■ **EXERCISE AIM**:
An exact transcription is needed of the lines below from the one with "Arjuna Weda Hem" through the one with "Organizador de Zapatos", with no other lines and no pictures.

■ **GIVEN ENTRIES**:
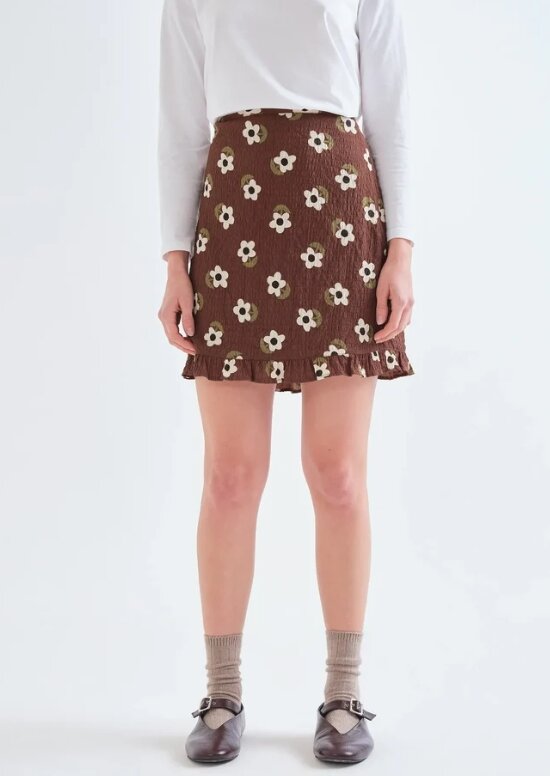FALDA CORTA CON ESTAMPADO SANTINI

...

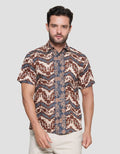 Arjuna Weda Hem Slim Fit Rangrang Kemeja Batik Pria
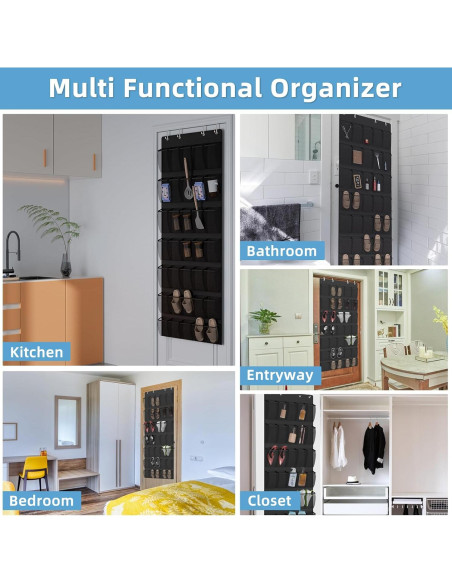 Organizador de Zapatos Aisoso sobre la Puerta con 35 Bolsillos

...

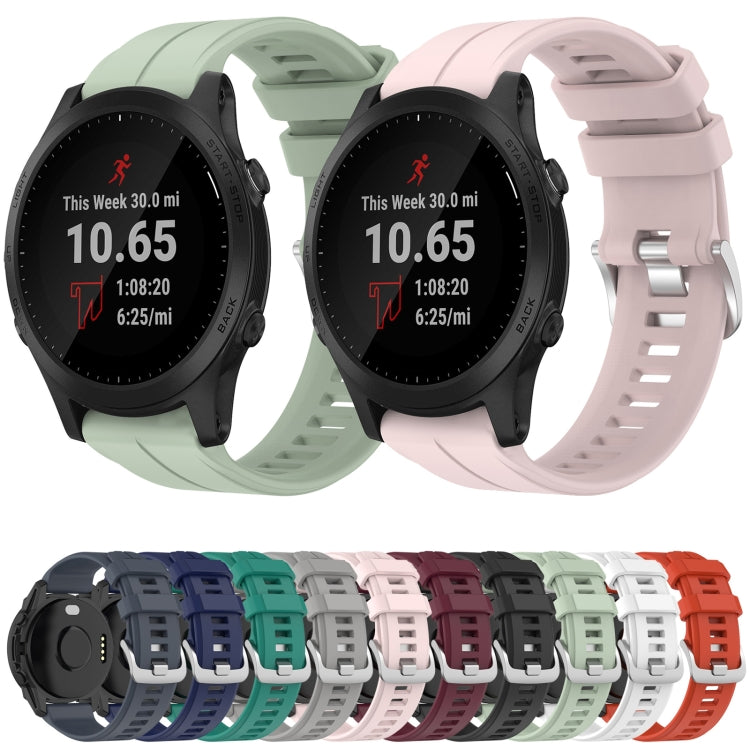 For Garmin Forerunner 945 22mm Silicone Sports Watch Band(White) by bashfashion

■ **ANSWER TO THIS TASK**:
 Arjuna Weda Hem Slim Fit Rangrang Kemeja Batik Pria
 Organizador de Zapatos Aisoso sobre la Puerta con 35 Bolsillos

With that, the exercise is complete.